START Extracted information

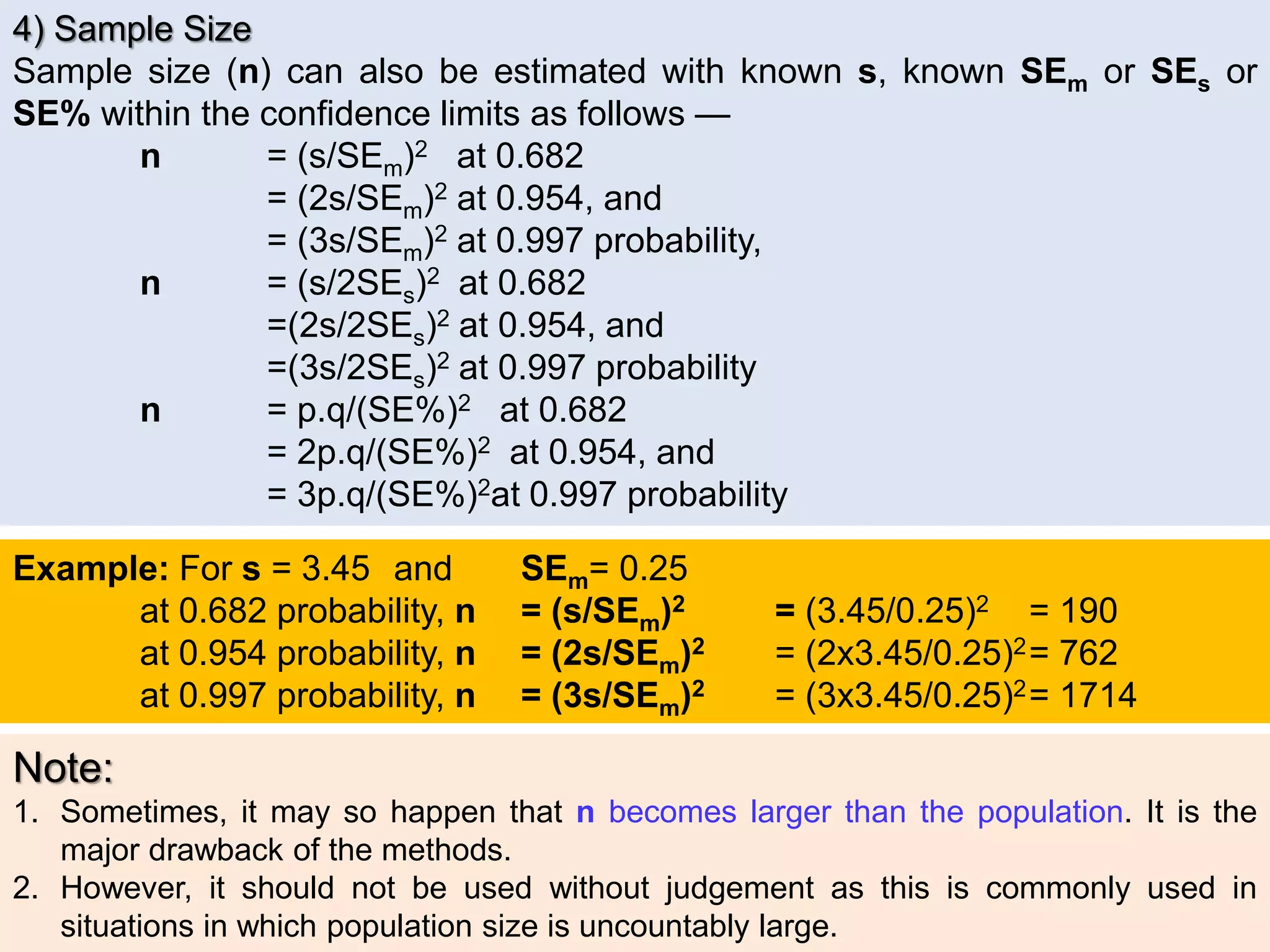 4) Sample Size
Sample size (n) can also be estimated with known s, known SEm or SEs or
SE% within the confidence limits as follows —
n = (s/SEm)2 at 0.682
= (2s/SEm)2 at 0.954, and
= (3s/SEm)2 at 0.997 probability,
n = (s/2SEs)2 at 0.682
=(2s/2SEs)2 at 0.954, and
=(3s/2SEs)2 at 0.997 probability
n = p.q/(SE%)2 at 0.682
= 2p.q/(SE%)2 at 0.954, and
= 3p.q/(SE%)2at 0.997 probability
Example: For s = 3.45 and SEm= 0.25
at 0.682 probability, n = (s/SEm)2 = (3.45/0.25)2 = 190
at 0.954 probability, n = (2s/SEm)2 = (2x3.45/0.25)2= 762
at 0.997 probability, n = (3s/SEm)2 = (3x3.45/0.25)2= 1714
Note:
1. Sometimes, it may so happen that n becomes larger than the population. It is the
major drawback of the methods.
2. However, it should not be used without judgement as this is commonly used in
situations in which population size is uncountably large.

END Extracted information

Each line from the one that includes "at 0.997 probability, n" down to the close of the records above is to be given again exactly, and no other line is to appear.

at 0.997 probability, n = (3s/SEm)2 = (3x3.45/0.25)2= 1714
Note:
1. Sometimes, it may so happen that n becomes larger than the population. It is the
major drawback of the methods.
2. However, it should not be used without judgement as this is commonly used in
situations in which population size is uncountably large.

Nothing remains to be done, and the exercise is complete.